Lake Barrington

Craig Rist
Approximately 16 kilometres long and rarely more than half a kilometre wide, Lake Barrington is a deep clear lake with mostly steep tree lined shores. The Hydro Electric Commission built three dams on the Forth River to form Lake Cethana, Lake Barrington and Paloona Dam. Lake Barrington is best known for its international rowing course and is a popular water skiing destination during summer. Over recent years the Inland Fisheries have transformed this lake into a viable fishing destination with it's extensive stocking program. The lake has a healthy population of rainbow and brown trout. Small rainbows up to 0.5 of a kilo can be very active, dominating the catch at times. The browns on the other hand can be a bit more elusive, but generally larger in size, some reaching well above double figures. Over the last five years, large ex-brood stock Atlantic salmon have been introduced into the Lake, some up to 30 pounds, testing the nerves of even the most seasoned anglers. The lake is one of the few in our State that is open to all forms of freshwater fishing throughout the year. A five fish per angler bag limit applies to Atlantic salmon, brown trout and rainbow trout with a minimum size of 300mm.

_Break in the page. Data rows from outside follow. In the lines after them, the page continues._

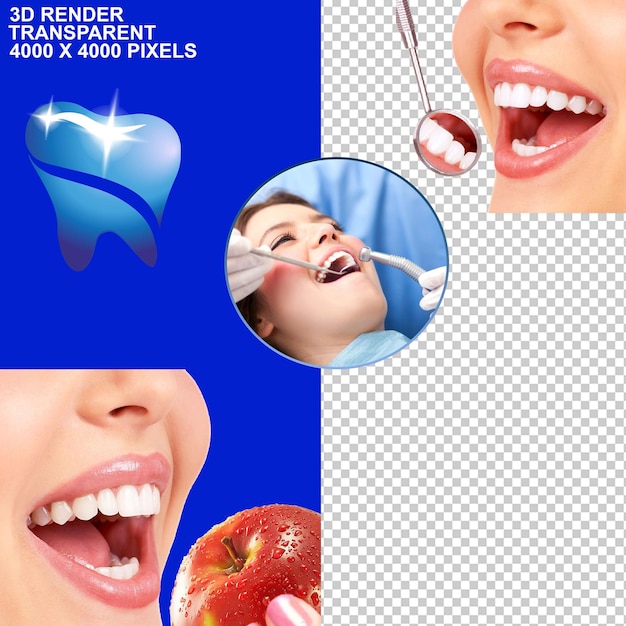 Trattamento dentale tessere dentale implant dentale osservazione dentale controllo dentale dolore dentale dentista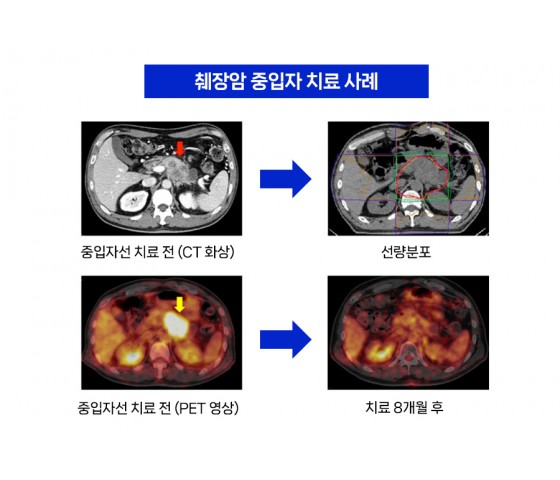 [한국미디어뉴스통신]'중입자 치료로 암 치료 정복에 한 발짝 다가선다'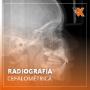 Radiografía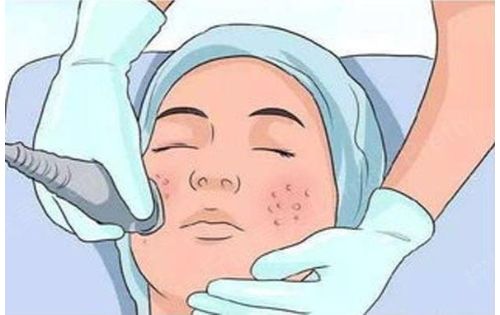 中山三院点阵激光做得怎么样？医院科室简介+项目收费参考！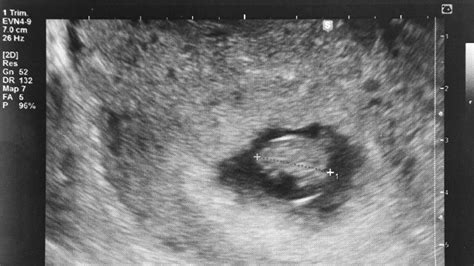 7 Week Ultrasound What You Should See And Why You May Not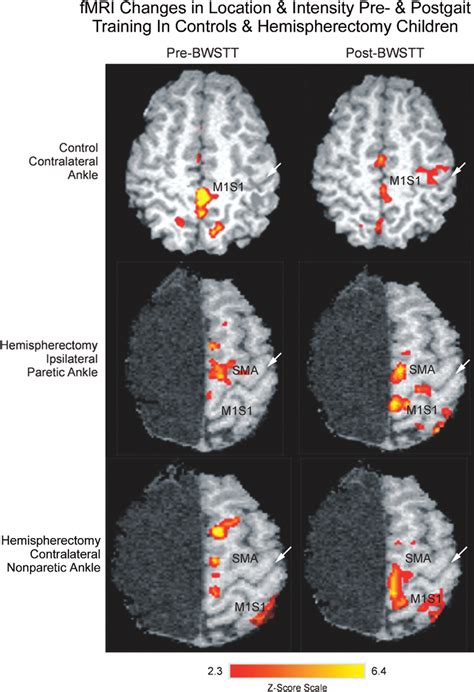 Representative Functional Magnetic Resonance Imaging Fmri Activation Download Scientific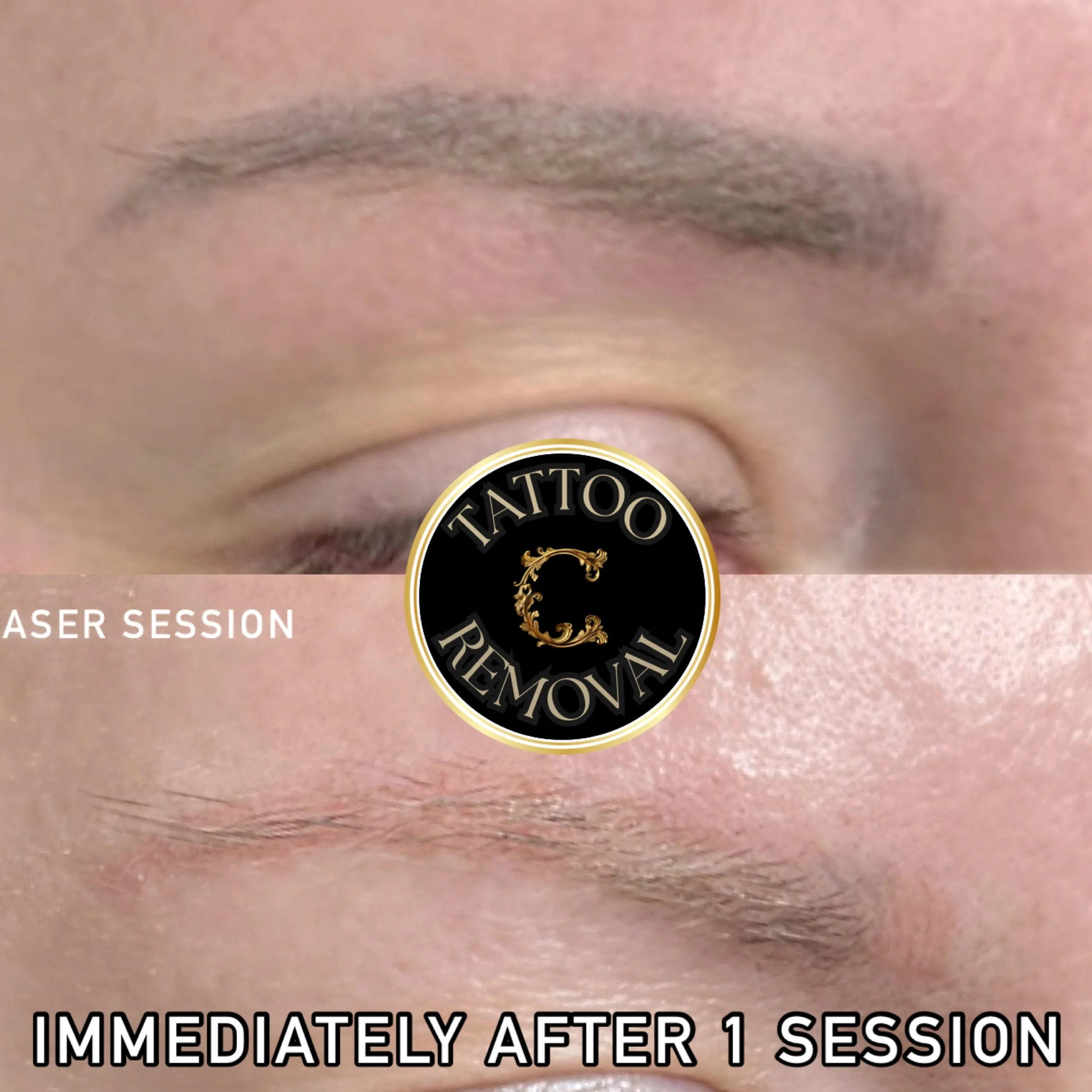 Before and after result from tattoo removal on old eyebrow tattoo showing incredible result and ink reduction. 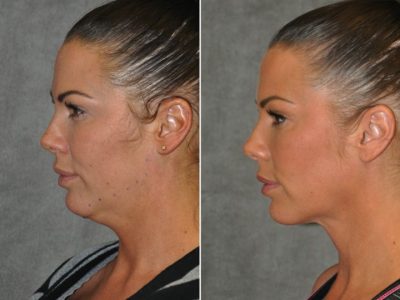Cheek Enhancement & Neck MicroLiposuction - Left Side
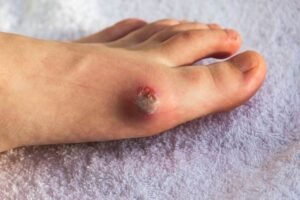 Penyebab Luka Kaki Susah Sembuh pada Pasien Diabetes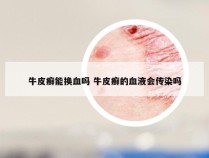 牛皮癣能换血吗 牛皮癣的血液会传染吗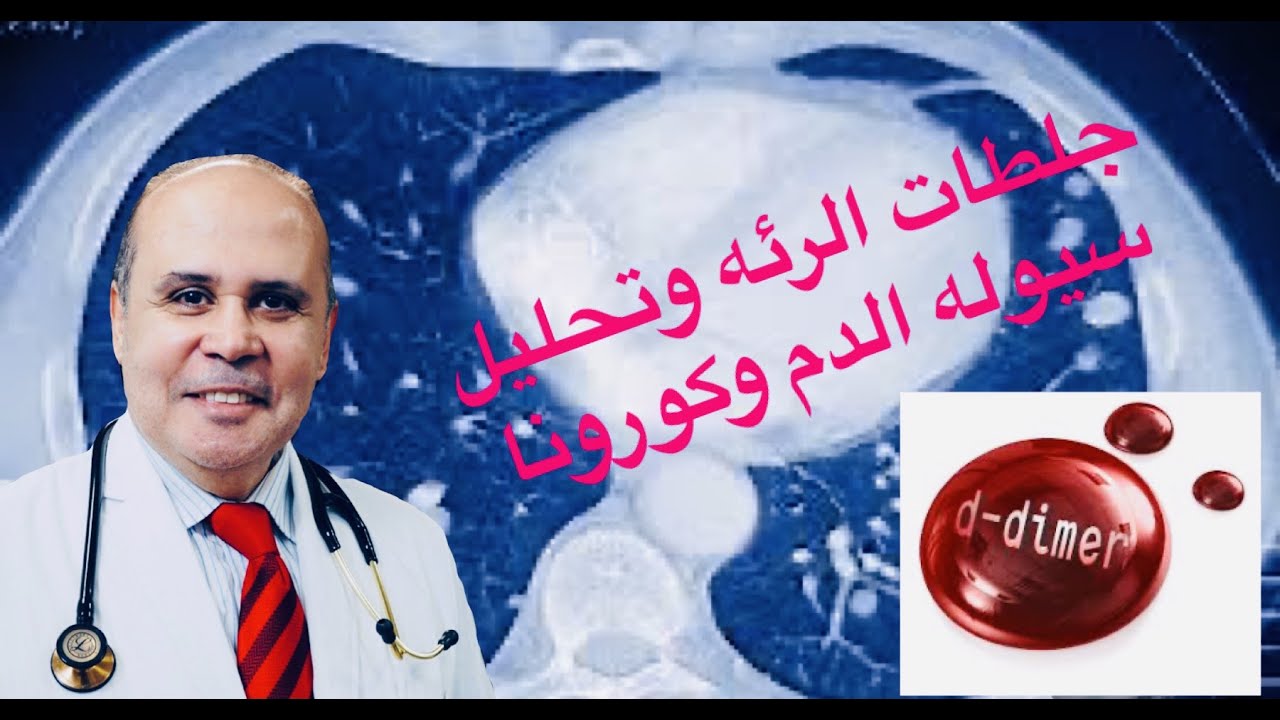 ارتفاع حالات الوفيات لمرضي كورونا..جلطه الرئه واهميه تحليل تجلط الدم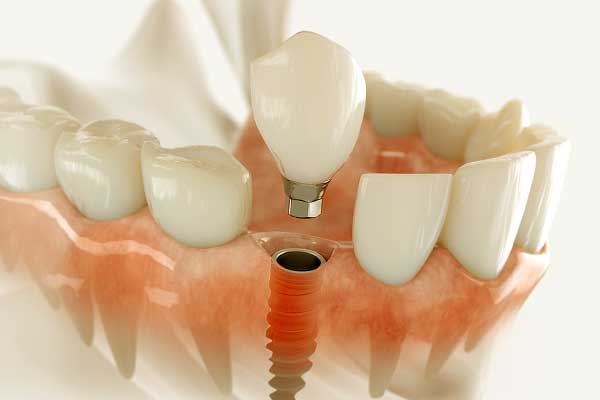 istanbul dental care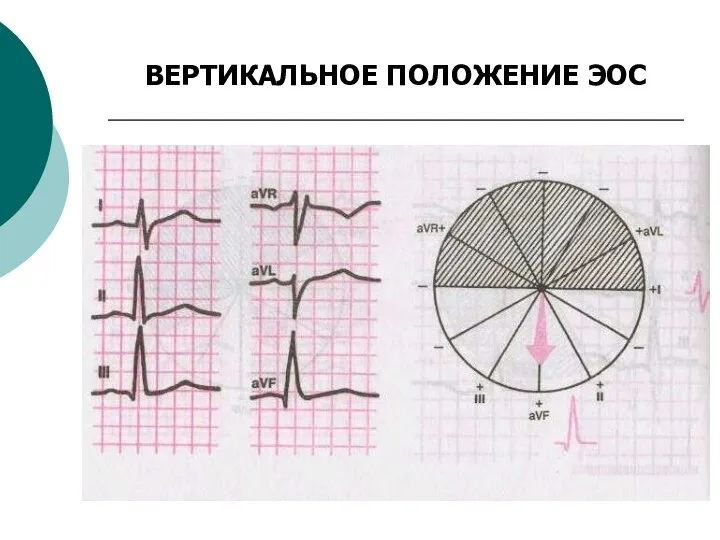 ВЕРТИКАЛЬНОЕ ПОЛОЖЕНИЕ ЭОС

Shore Based Access and Fishing
The steep tree lined banks that surround most of the lake prevents much of it being accessed by land. There are four main access points, three in the east and one in the west.

Devils Gate Dam
The dam wall at the northern end of Lake Barrington is about a 20-minute drive inland from Devonport via Devils Gate Road. The steep tree lined shores here limit most of the shore based fishing to the boat ramp area located a few hundred metres up from the picnic area at the dam wall. The boat ramp is used by the Hydro and has a locked boom gate midway down the gravel road leading to it. The water level of the lake usually dictates how easily the shore can be negotiated along from the boat ramp. For the more adventurous, the high banks between the Dam wall and the boat ramp can be a good place to see brown trout and Atlantic salmon patrolling the edges. Once spotted, they can be ambushed with a well placed fly, bait, lure or soft plastic. This visual form of fishing is very addictive and just seeing fish is often enough to bring you back for more.

Kentish Park
Midway along the eastern side of the lake via West Kentish Road, is Kentish Park. This area is a very popular water skiing area with two good concrete boat ramps. Despite the roaring engines, fish are still caught here from the shore, especially early morning and late afternoon when things have quietened down. I'll never forget the time I returned to this boat ramp after an afternoon on the water to find trout rising to a midge hatch only metres away. For the shore based angler quite a bit of fishable shore is accessible at Kentish Park.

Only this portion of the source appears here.